■ Task item ■
The data below holds the lines to copy: everything from the line containing "Building Photo - 2725 W 86th Ave" to the line containing "Photo - 402 Bollen Ct", both ends included, set down exactly.

——————————

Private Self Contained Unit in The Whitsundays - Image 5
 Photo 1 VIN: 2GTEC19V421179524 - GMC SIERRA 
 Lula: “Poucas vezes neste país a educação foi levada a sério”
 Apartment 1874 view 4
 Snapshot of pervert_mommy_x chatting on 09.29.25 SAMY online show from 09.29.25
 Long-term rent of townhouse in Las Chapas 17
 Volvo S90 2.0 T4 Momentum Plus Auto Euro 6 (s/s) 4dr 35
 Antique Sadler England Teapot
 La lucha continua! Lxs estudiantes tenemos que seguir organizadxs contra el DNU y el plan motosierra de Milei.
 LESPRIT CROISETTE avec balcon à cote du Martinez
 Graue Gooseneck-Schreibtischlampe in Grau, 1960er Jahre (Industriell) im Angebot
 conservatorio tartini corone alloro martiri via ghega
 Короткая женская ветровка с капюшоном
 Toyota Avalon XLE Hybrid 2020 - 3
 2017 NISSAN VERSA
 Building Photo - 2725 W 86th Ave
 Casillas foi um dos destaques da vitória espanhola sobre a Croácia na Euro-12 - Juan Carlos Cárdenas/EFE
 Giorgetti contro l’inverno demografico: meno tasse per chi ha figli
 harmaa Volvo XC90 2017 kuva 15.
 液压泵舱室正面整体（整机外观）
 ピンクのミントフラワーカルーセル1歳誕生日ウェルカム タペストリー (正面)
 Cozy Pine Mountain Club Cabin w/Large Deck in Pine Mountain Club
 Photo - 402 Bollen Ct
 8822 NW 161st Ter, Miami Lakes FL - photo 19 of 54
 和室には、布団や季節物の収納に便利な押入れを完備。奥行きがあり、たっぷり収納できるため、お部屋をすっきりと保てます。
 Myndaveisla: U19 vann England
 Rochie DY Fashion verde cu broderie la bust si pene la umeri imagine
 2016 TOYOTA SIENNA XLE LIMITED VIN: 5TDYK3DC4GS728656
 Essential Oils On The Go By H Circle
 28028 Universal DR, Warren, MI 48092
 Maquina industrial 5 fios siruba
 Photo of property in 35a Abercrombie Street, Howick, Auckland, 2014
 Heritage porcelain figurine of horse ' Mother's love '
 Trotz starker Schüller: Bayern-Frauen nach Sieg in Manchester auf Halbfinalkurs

——————————

■ Exercise response ■
 Building Photo - 2725 W 86th Ave
 Casillas foi um dos destaques da vitória espanhola sobre a Croácia na Euro-12 - Juan Carlos Cárdenas/EFE
 Giorgetti contro l’inverno demografico: meno tasse per chi ha figli
 harmaa Volvo XC90 2017 kuva 15.
 液压泵舱室正面整体（整机外观）
 ピンクのミントフラワーカルーセル1歳誕生日ウェルカム タペストリー (正面)
 Cozy Pine Mountain Club Cabin w/Large Deck in Pine Mountain Club
 Photo - 402 Bollen Ct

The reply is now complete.